Things clip along pretty quickly in Grand Concourse, the new play at Artists Repertory Theatre, which takes place in a church soup kitchen in the Bronx and performs a bravura juggling act between comedy and psychological drama. Played out on a meticulous commercial kitchen set by Kristeen Willis Crosser (the show features lots of chopping of carrots, potatoes, and the occasional finger), it’s a four-hander that features an unlikely showdown between an activist nun (Ayanna Berkshire) and a volatile 19-year-old volunteer (Jahnavi Alyssa), with excellent support from veterans John San Nicholas as the soup kitchen jack-of-all-trades and Allen Nause as a shambling, slightly addled perpetual client. As directed by JoAnn Johnson, it’s an expertly careening race of two locomotives heading toward each other on the same track, speeding somewhere between possibility and inevitability.
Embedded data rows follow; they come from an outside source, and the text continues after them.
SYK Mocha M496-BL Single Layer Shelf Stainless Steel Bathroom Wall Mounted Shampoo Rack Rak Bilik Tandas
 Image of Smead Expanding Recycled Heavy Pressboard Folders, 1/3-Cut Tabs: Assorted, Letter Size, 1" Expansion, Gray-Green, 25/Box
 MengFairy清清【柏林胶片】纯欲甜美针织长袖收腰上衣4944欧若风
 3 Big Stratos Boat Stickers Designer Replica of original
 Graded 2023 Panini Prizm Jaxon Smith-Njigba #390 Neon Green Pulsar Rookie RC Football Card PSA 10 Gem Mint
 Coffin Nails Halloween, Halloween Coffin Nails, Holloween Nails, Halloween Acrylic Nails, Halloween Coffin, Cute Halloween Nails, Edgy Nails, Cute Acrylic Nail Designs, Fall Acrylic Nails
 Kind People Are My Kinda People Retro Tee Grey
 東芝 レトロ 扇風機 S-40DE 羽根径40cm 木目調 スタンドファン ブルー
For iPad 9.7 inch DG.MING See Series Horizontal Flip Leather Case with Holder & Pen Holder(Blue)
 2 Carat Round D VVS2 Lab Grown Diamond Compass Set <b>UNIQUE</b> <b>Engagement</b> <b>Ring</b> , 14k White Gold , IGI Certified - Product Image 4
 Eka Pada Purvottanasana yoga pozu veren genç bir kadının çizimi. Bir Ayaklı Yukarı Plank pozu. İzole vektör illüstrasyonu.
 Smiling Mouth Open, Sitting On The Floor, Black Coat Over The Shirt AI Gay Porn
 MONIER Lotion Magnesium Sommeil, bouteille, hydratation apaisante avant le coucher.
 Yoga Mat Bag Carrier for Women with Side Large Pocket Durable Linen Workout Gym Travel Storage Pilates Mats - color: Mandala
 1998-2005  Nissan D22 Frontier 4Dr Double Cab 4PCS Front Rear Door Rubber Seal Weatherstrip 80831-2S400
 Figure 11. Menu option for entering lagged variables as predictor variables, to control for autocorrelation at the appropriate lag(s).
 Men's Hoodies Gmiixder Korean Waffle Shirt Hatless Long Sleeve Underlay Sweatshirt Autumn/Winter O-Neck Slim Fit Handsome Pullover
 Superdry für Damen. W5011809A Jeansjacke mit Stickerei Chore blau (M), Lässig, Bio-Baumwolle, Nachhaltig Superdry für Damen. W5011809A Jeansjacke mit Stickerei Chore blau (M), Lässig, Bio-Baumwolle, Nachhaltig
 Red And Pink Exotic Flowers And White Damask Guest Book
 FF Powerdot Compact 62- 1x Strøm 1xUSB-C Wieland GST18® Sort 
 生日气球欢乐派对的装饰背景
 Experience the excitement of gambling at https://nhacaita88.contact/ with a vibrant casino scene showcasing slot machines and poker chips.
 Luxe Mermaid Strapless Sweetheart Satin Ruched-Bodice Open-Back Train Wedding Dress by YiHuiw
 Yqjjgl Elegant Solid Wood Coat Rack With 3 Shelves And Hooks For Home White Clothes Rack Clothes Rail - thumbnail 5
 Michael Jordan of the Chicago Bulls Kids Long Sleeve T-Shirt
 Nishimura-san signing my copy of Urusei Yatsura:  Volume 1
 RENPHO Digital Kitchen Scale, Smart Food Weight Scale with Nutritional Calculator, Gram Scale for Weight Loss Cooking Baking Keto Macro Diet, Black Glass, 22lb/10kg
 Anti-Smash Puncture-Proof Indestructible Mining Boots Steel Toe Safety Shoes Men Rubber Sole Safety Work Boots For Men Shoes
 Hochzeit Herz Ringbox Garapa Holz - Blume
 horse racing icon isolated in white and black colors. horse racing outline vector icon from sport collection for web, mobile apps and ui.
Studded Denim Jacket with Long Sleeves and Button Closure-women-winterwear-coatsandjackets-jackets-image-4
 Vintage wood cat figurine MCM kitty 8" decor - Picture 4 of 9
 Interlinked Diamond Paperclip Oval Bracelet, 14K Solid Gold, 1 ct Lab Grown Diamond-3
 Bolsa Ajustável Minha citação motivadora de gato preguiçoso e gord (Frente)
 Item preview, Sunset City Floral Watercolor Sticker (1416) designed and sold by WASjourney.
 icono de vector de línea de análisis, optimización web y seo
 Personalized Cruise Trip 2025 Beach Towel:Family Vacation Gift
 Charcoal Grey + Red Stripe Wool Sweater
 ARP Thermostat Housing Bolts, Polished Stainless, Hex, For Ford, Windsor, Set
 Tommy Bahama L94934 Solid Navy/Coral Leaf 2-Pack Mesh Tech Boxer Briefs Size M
And it audaciously introduces Portland audiences to the work of Heidi Schreck, a New York actor and rising playwright who grew up in the Pacific Northwest.

Heidi Schreck (right) with actor Ayanna Berkshire at Artists Rep. Photo: Nicole Lane

Heidi Schreck (right) with actor Ayanna Berkshire at Artists Rep. Photo: Nicole Lane

Grand Concourse opened Saturday night, and I saw it Sunday afternoon after chatting with Schreck on Friday afternoon. She showed up for our interview at Artists Rep trailing a rolling suitcase behind her, a woman on the move: she’d flown in the day before and was staying only through the weekend. Still, this was a homecoming of sorts, and she was upbeat, insightful, and obviously very smart.

In the lobby she saw notices for Profile Theatre’s current season of plays by Tanya Barfield, who is also a rising New York playwright, and who grew up in Portland, and is one of Schreck’s closest friends in New York. The links go back even further, to her childhood days of traveling to Ashland to perform every fall with the kids’ theater company her mother operated, The Short Shakespeareans, and seeing shows at the Oregon Shakespeare Festival. The first OSF show she saw, when she was six, was a vivid Macbeth – “which was very traumatizing,” she told Adam Greenfield in an interview for Playwrights Horizons. “It’s a horrible, thrilling play to watch as a six-year-old.” The production was directed by Pat Patton, who now lives and works in Portland, and who is married to JoAnn Johnson, director of Artists Rep’s Grand Concourse. The synchronicity delights Schreck: “It’s like a dream come true to have my life come around in a circle.”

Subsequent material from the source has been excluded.